Henry Ford's mass production methods cut in half the cost of producing the famous Model T Ford in just five years. People who had once lived their entire lives within a narrow radius of a relatively few miles could now go see places they never knew about before. The automobile expanded their horizons.

People today who complain about the automobile's pollution have no idea how much more pollution there was before the automobile came along. In New York City, for example, the 40,000 horses that were the backbone of the city's transportation, before the automobile, produced 400 tons of manure per working day, along with 20,000 gallons of urine.

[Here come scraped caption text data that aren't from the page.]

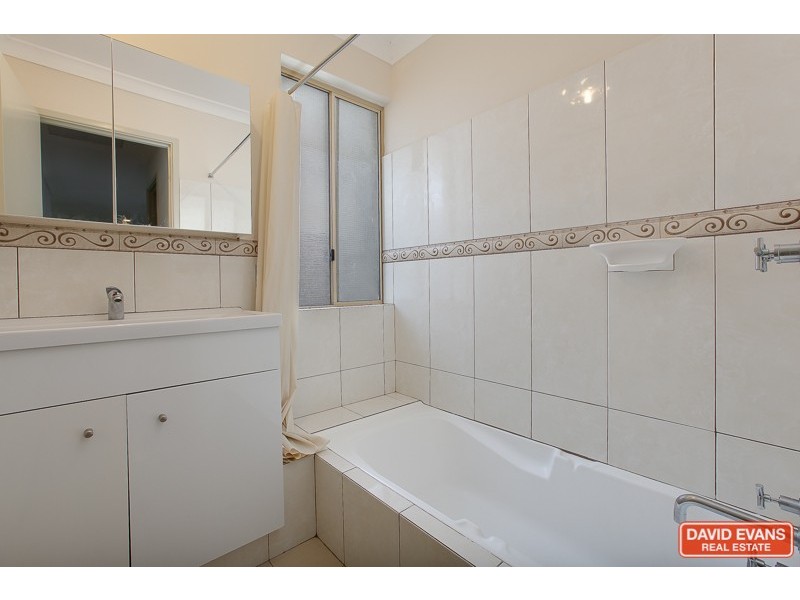 14 Bounty Court, Port Kennedy WA 6172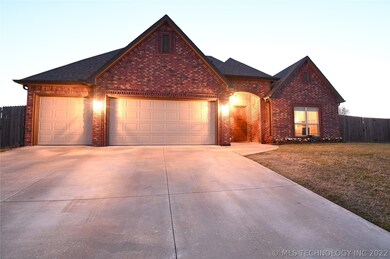 Stately full brick home on culdesac in Owasso.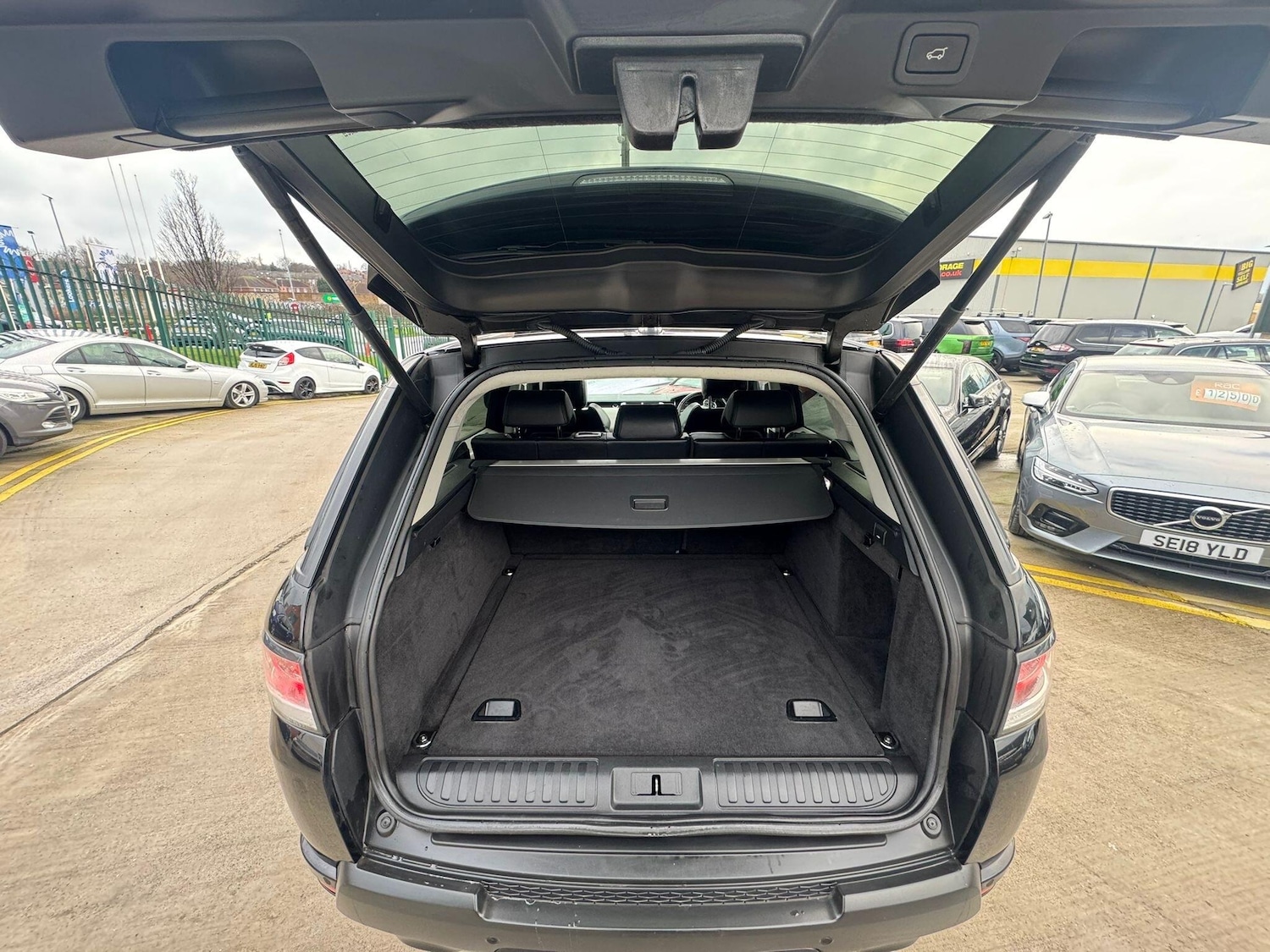 Used Land Rover Range Rover Sport 2016 for sale - 77279629: Photo 25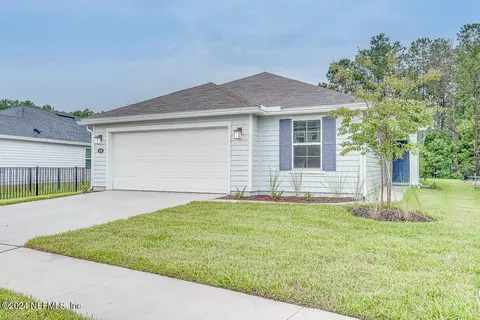 658 Panther Lake Pkwy, Jacksonville, FL 32221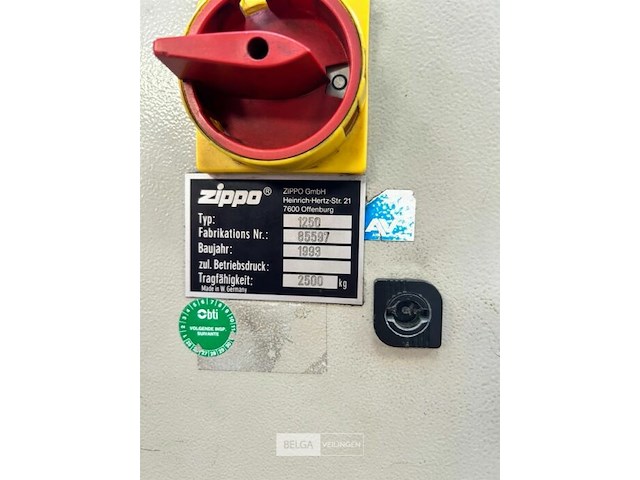 Zippo 2-koloms hefbrug - afbeelding 3 van  4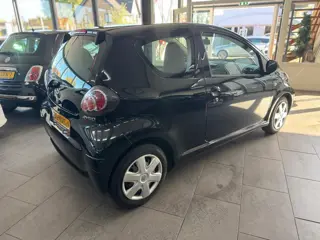 Foto 16 van Toyota Aygo 1.0-12V Comfort Navigator airco elektrische pakket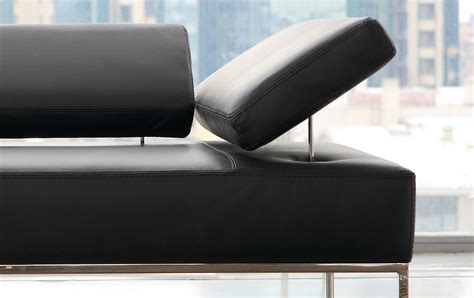 Fashionable Top-Grain Leather Sectional with Chaise Indianapolis ...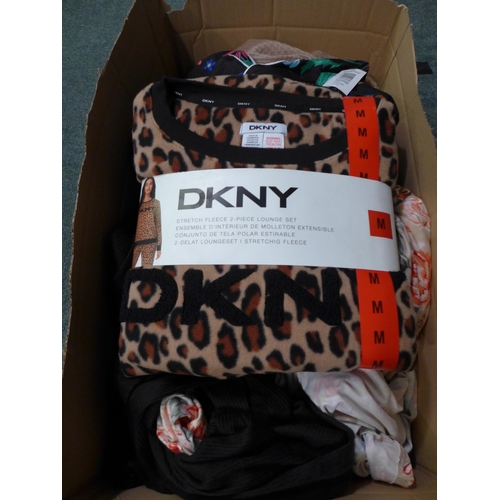 3057 - Quantity of Women's Lounge & Sleepwear - mix size/style/colours * this lot is subject to VAT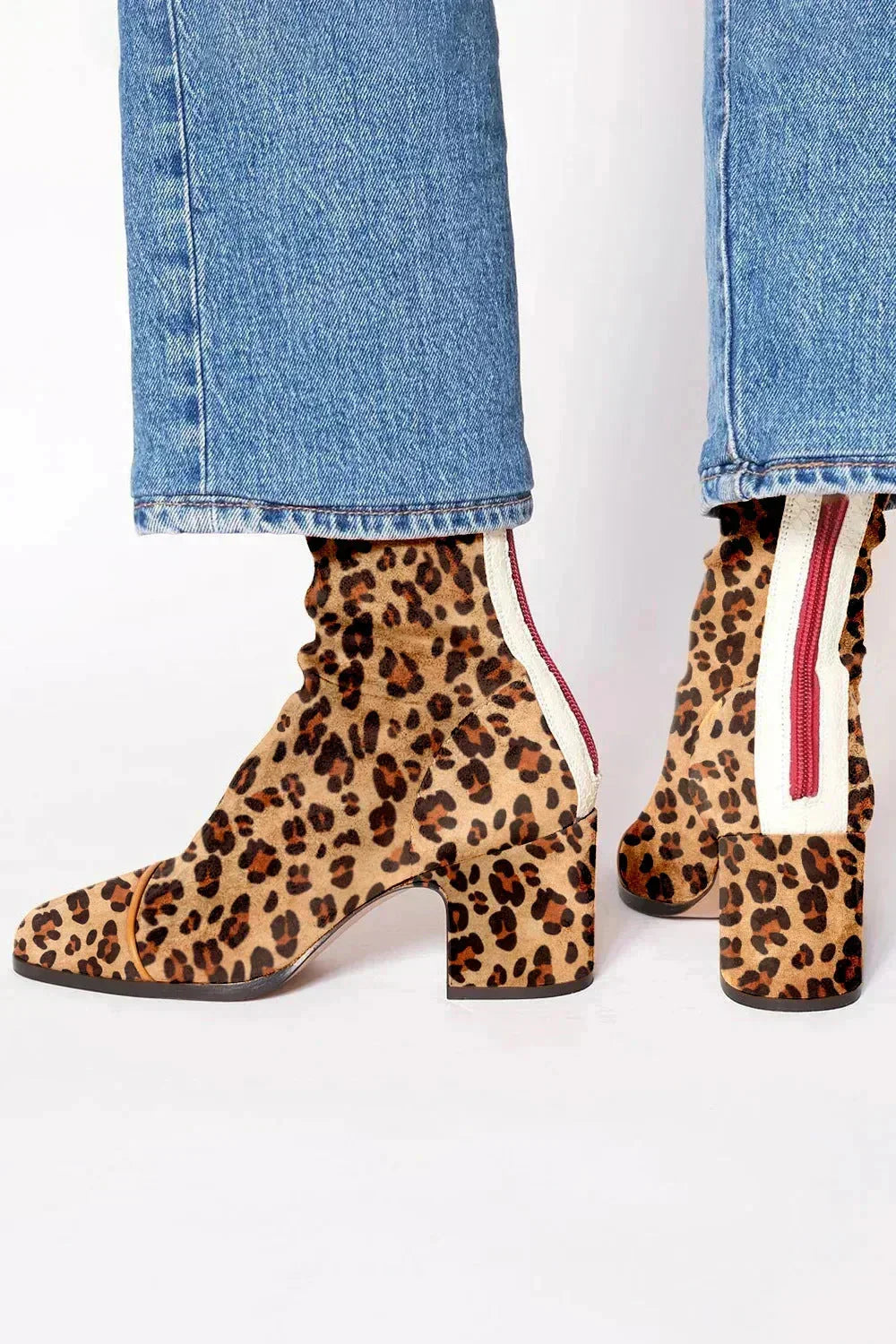 Alma – Veloursleder-Stiefelette mit Absatz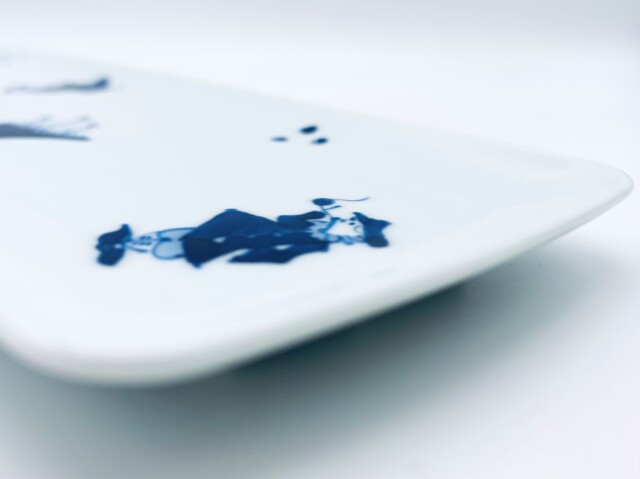 ★しん窯青花★長皿 異人づくし長角皿 しん窯青花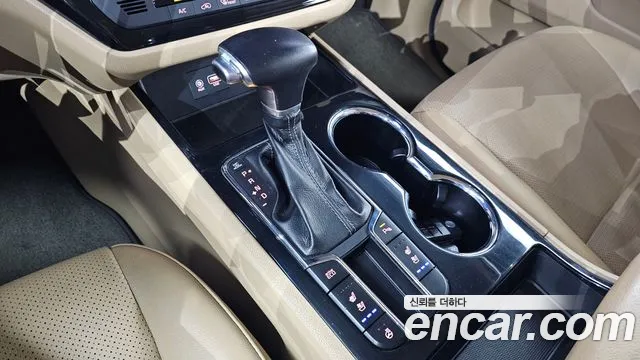 Kia Carnival 2018 thumb 9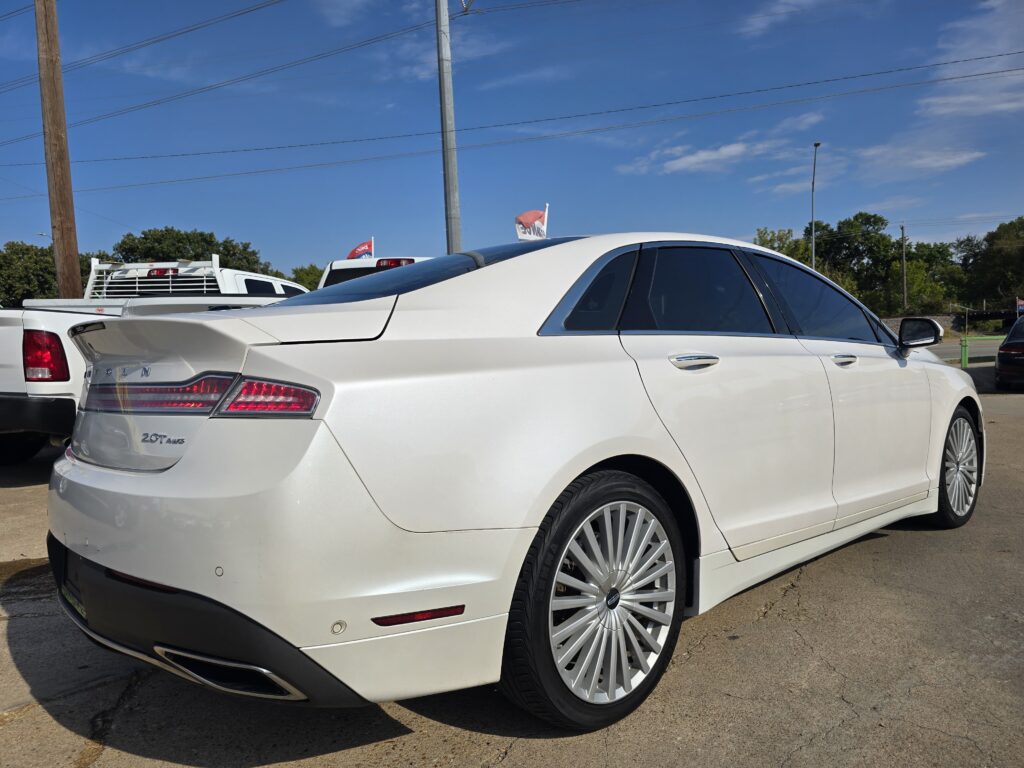 LINCOLN MKZ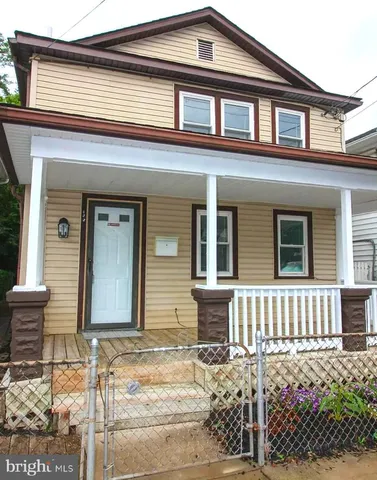 $289,000 | 423 Highland Avenue, Winchester, VA 22601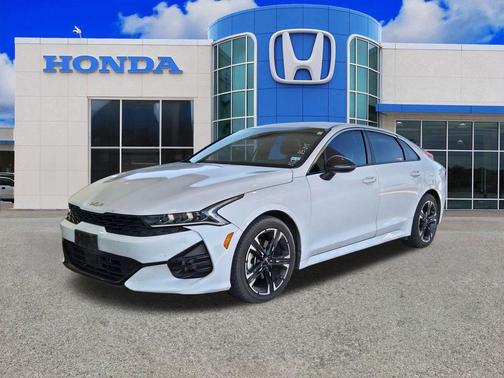 Glacial White Pearl 2023 Kia K5 GT-Line
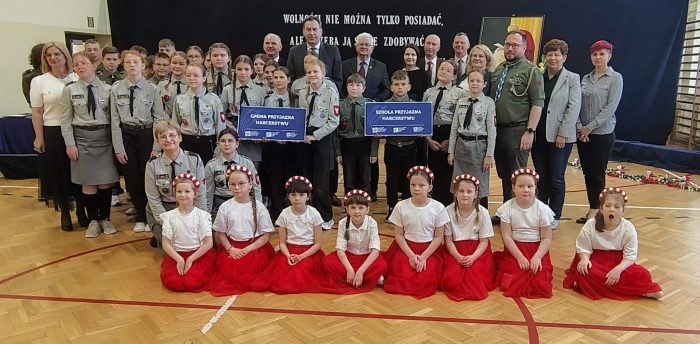 Miniaturka artykułu Wyjątkowa rocznica Konstytucji 3 Maja w Starych Kobiałkach. Szkoła i Gmina wyróżnione prestiżowym tytułem!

Today what we hear is a constant drum beat of how these evil rich people exploited the poor, ravaged the land, calling up images of viking raiders raping and pillaging. Yes, I suppose there was some of that, but I suspect there was a lot less of this behavior than you might think. Some of it too was born of ignorance, as people didn't always know the damage they were doing to the land in strip mining for instance.  In any case, we should be grateful to these men who have made our lives better. We should also be grateful to God who sent such men, with these ambitions and talents, to make life better for all of us.  Instead, we have a bunch of pampered children who have never had to live with hardship moaning and groaning about what their fathers did.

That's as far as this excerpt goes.